By Sid Schwab / Herald Columnist
After an exhausting week of stamping out human decency in his government, Trump spent the weekend taking the Miami golf cure.
I spent it getting over not being confirmed as secretary of Defense. I thought I had a shot; my resumé is on par with Pete Hegseth’s, if not greater. We both served in the military in war zones, but, unlike me, he didn’t receive a Purple Heart. We both provide weekend opination via public media; and whereas mine is mine only, he shares his platform as a mere co-host. In managing huge bureaucracies, we’re identical. What put me out of the running, I think, is that I’m not a problem drinker or a sexual miscreant, both of which are touchstones in the upper echelons of today’s Republican Party.
Choosing Hegseth over me made Trump the only president who’s had two cabinet nominees requiring a vice presidential tiebreak after a 50–50 vote. No other president has had even one. Which says everything about the quality of his choices. For those who believe Democrats’ unanimity in voting no was purely political, votes for the previous SecDef nominees, Democrats and Republicans, were as follows: Lloyd Austin, 93-2; Mark Esper 90-8; James Mattis 98-1. Ashton Carter 93-5; Leon Panetta 100-0. Robert Gates 95-2. The difference: credentials. If not all Republican senators are stupid enough to think Hegseth is qualified (?), only three had the guts to vote no, one of whose cynical hypocrisy put us where we are. It’s shameful and cowardly.
Arriving at the Pentagon, Pete went to work implementing Project Trump 2025; his first communiqué was about ending DEI, because any military member not straight, male, white and Christian is inferior. Then, calling them “dishonorable” and “liars,” he banned trans people who, because they had the courage to be public about who they are, are braver than most; and about whom there’ve been fewer deportment issues than non-trans members. And he announced plans to interview top general officers to see which will kowtow and which won’t. Shoot protestors in the legs.
Beyond turning the military into his domestic enforcers, Trump is eliminating people and programs that would keep him in check.
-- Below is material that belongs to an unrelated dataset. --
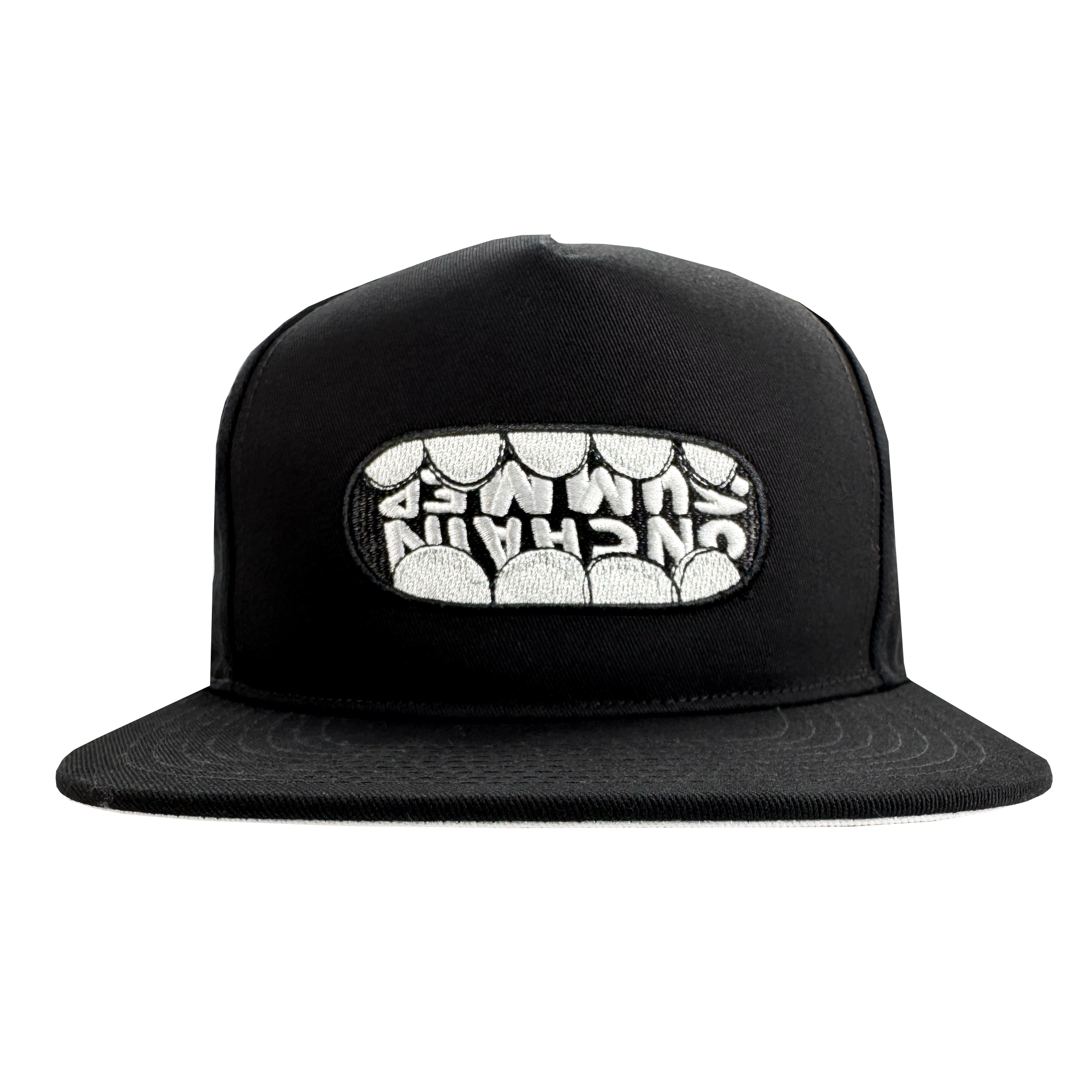 The OG Snapback Hat by Supported Brands is a black adjustable snapback featuring a front embroidered patch where stylized white teeth spell “UNCHAIN” across the upper row. Photo shows the hat on a plain white background.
He fired inspectors general of virtually all government agencies. His Department of “Justice” ousted every prosecutor who worked with Jack Smith and will subject them to “investigations,” and it just ended further pursuit of Trump’s crimes. The firing of the IGs was clearly illegal because the law requires 30 days’ notice to Congress. The message: Whatcha gonna do about it?
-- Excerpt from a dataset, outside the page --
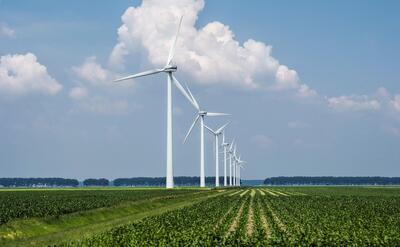 Beautiful view of the wind turbines on a grass covered field captured in Holland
Same with the TikTok law passed by Congress, signed by President Biden, and confirmed in a rare 9-0 ruling by the Supreme Court. Trump ignored it. Likewise, his demented attempt to rewrite the Constitution by executive order. He’s convinced he’s above the law, which, thanks to congressional pusillanimity and judicial corruption, it turns out he is. Then, because they’d get in his way, he rescinded the ethics rules ordered by President Biden.
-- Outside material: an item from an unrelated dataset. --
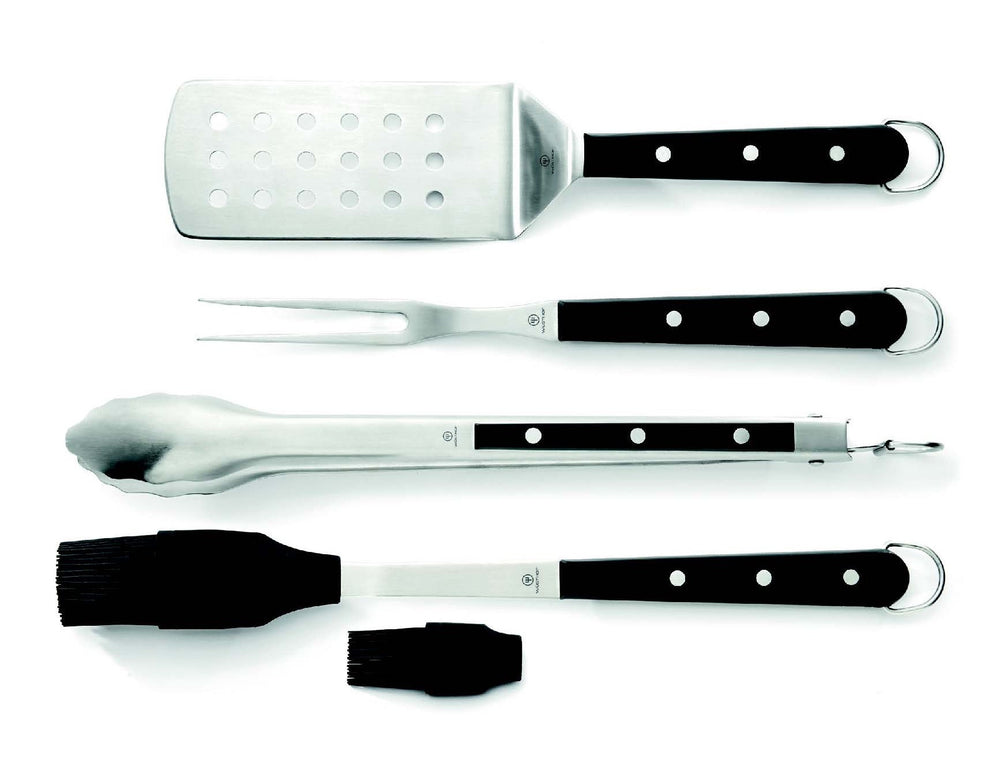 Top-down view of 4-piece BBQ set with perforated spatula, meat fork, tongs and silicone brush with extra head on white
In a silent coup, our country has been captured by a group of very wealthy men, Christian nationalists who are anything but Christian, whose aim is to remove from government all institutions that have, till now, protected us from people like them; that stand in the way of unchecked power and unregulated self-enrichment; that let people not like them retain the power of the vote. And they’ve put in place enough judges and justices to clear their path.
It’s been a concerted effort for years. In Trump, they recognized the perfect stooge, one they could convince he’s in charge because he so desperately needs to be; a frontman willing, for his needy gratification, to keep public eyes off what’s happening; to cede the agenda to Project 2025. It’s not Greenland or Panama or Canada. It’s in the backrooms of the White House, into which they’ve charmed and threatened unimaginably rich oligarchs to bankroll their efforts. Trump gives them what they want because they give him what he needs.
Trump was elected by a minority of voters, strategically convinced it was about eggs and immigrants. People who look worshipfully at his self-pity and rejoice as he strikes at the vulnerable, who will include, before long, themselves. When they realize that, it’ll be too late.
It’s hard to accept, to know whether to tune out or scream into the night. Trump has the limelight. For him, vengeance is the goal; that, and validating his neediness. He’s president of people who see the cruelty and love it. And of the string-pullers. The more distracting outrage he engenders, the more he lies and pounds his chest, the more he fools the media into focusing on the hole rather than the donut, the more easily the Project-iles can take down our democracy, all but unreported, brick by brick.
For those who still believe in democracy and kindness, it’s hard to watch and harder to know what to do.